EXERCISE REQUIREMENTS >> Every entry should be reproduced precisely, with each picture left out.

Web page caption snippets >>
════════
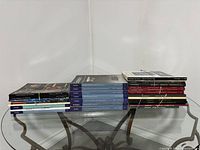Photo showing three stacks of auction catalogues on a glass table, mostly Sotheby's catalogues in blue covers with some black, red, and white-covered catalogues tied with rubber bands.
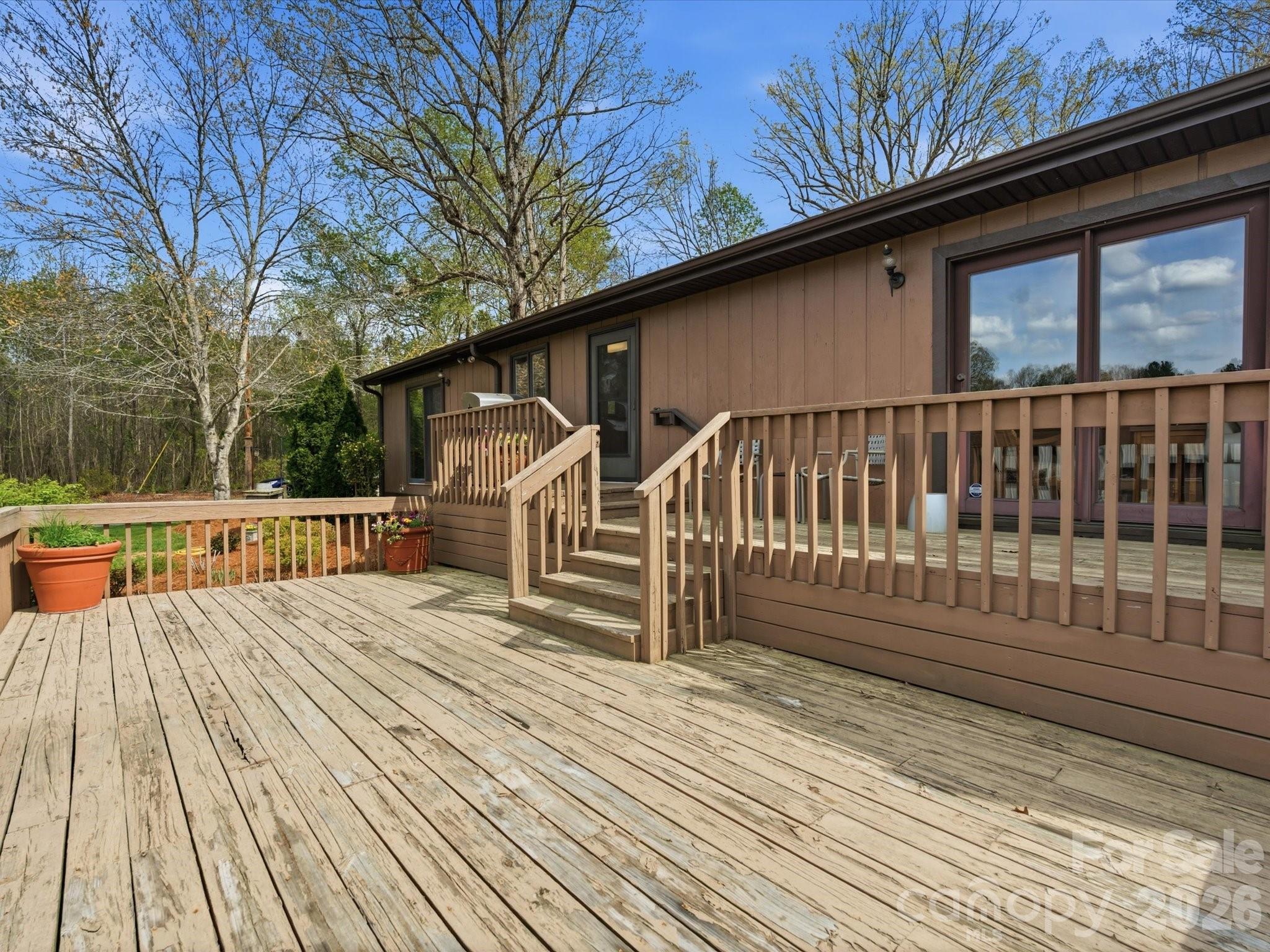 2620 Reeves Island Road Gold Hill, NC 28071 - Photo 33 of 48 a view of deck with wooden floor and fence with a large garden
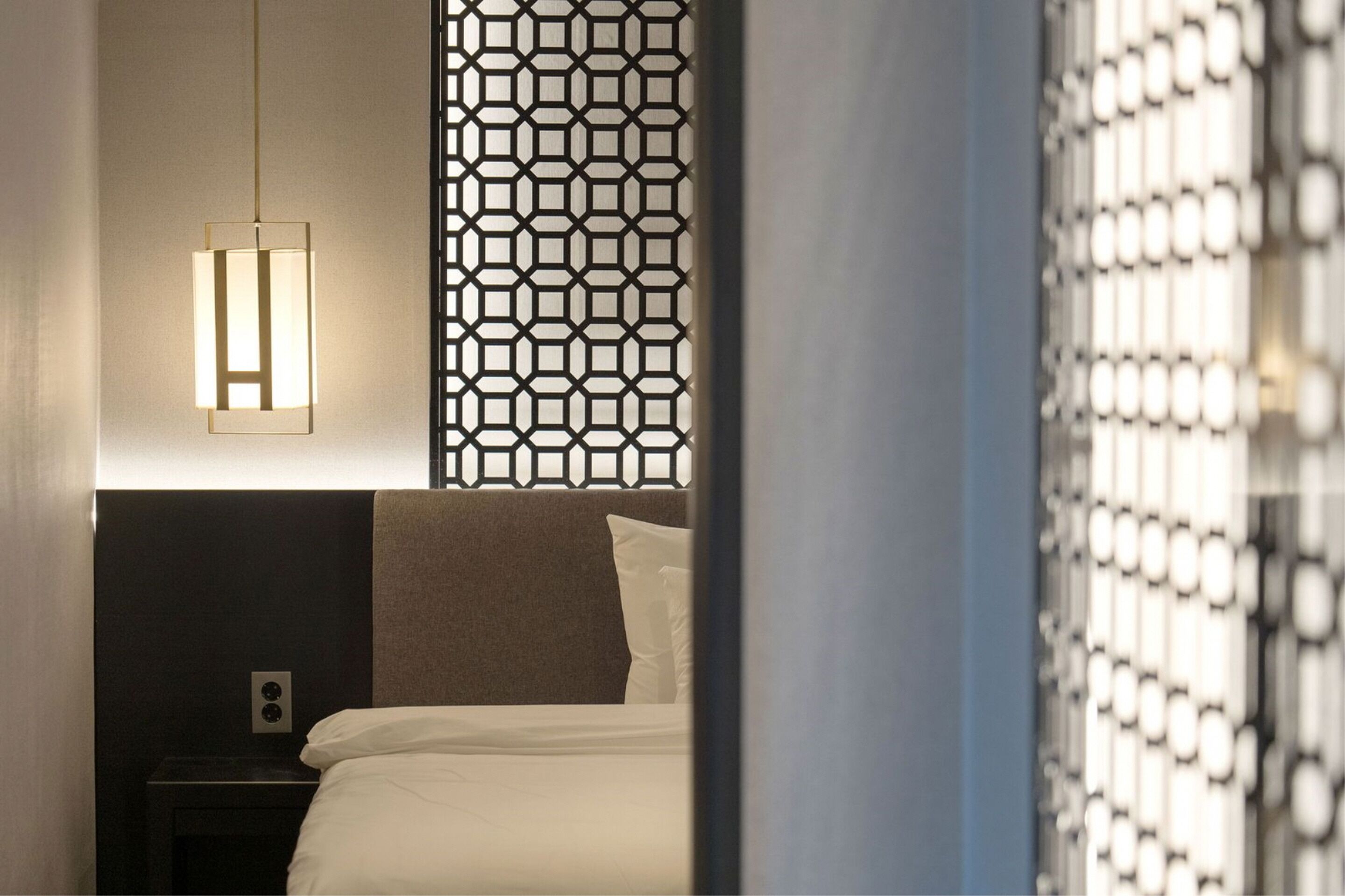 Et hotelværelse med seng, et natbord, en vægmonteret lampe og en dekorativ panel.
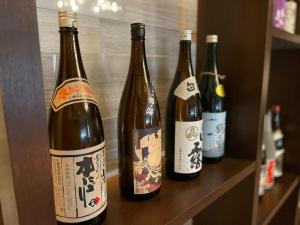 four bottles of wine sitting on a shelf at Yaizu - House - Vacation STAY 14728 in Yaizu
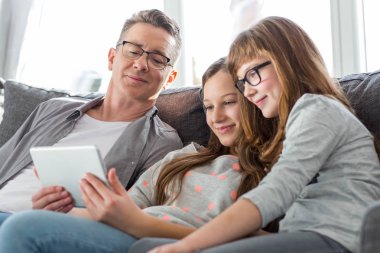 Father and daughters using tablet PC clipart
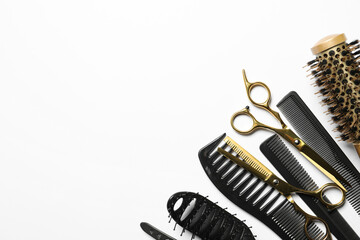 Fototapeta na wymiar Hairdressing tools on white background, flat lay. Space for text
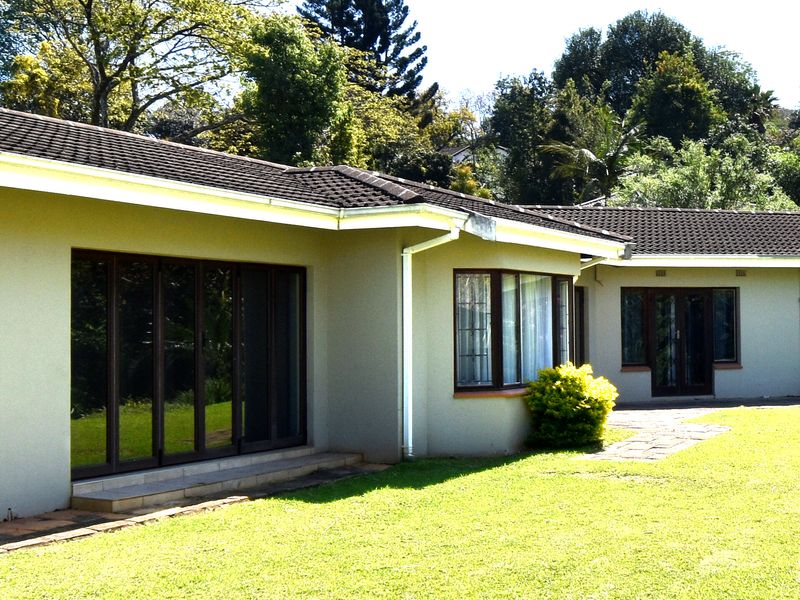 Rear view of the house featuring a tiled roof, large sliding glass doors, a bay window, and a paved walkway leading to the garden.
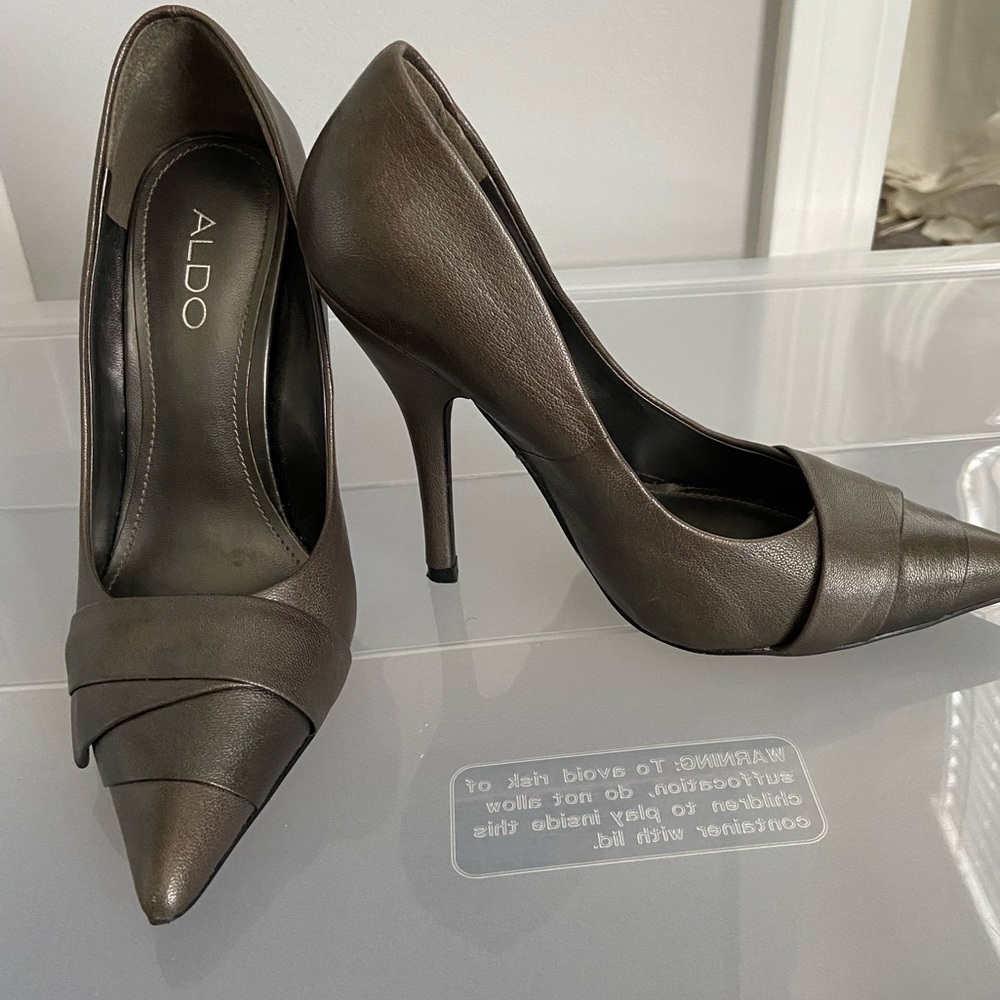 Pewter colored aldo heel.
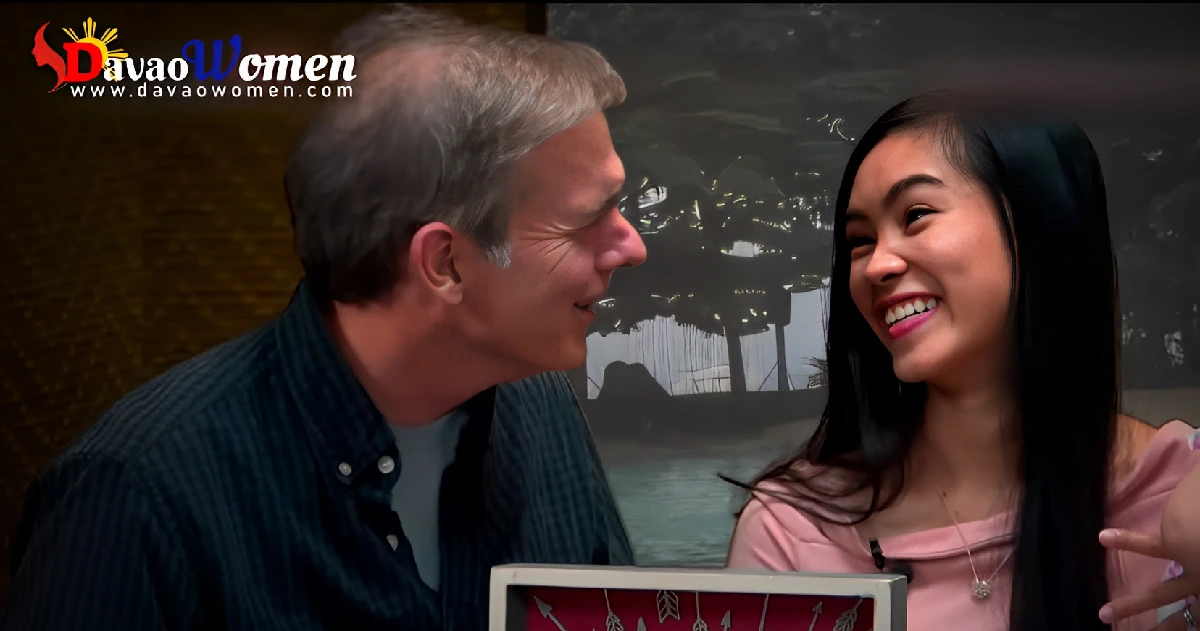 a foreign man and a filipina women smiling at each other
════════
RESULT OF THE TASK >>
Photo showing three stacks of auction catalogues on a glass table, mostly Sotheby's catalogues in blue covers with some black, red, and white-covered catalogues tied with rubber bands.
 2620 Reeves Island Road Gold Hill, NC 28071 - Photo 33 of 48 a view of deck with wooden floor and fence with a large garden
 Et hotelværelse med seng, et natbord, en vægmonteret lampe og en dekorativ panel.
 four bottles of wine sitting on a shelf at Yaizu - House - Vacation STAY 14728 in Yaizu
 Father and daughters using tablet PC clipart
 Fototapeta na wymiar Hairdressing tools on white background, flat lay. Space for text
 Rear view of the house featuring a tiled roof, large sliding glass doors, a bay window, and a paved walkway leading to the garden.
 Pewter colored aldo heel.
 a foreign man and a filipina women smiling at each other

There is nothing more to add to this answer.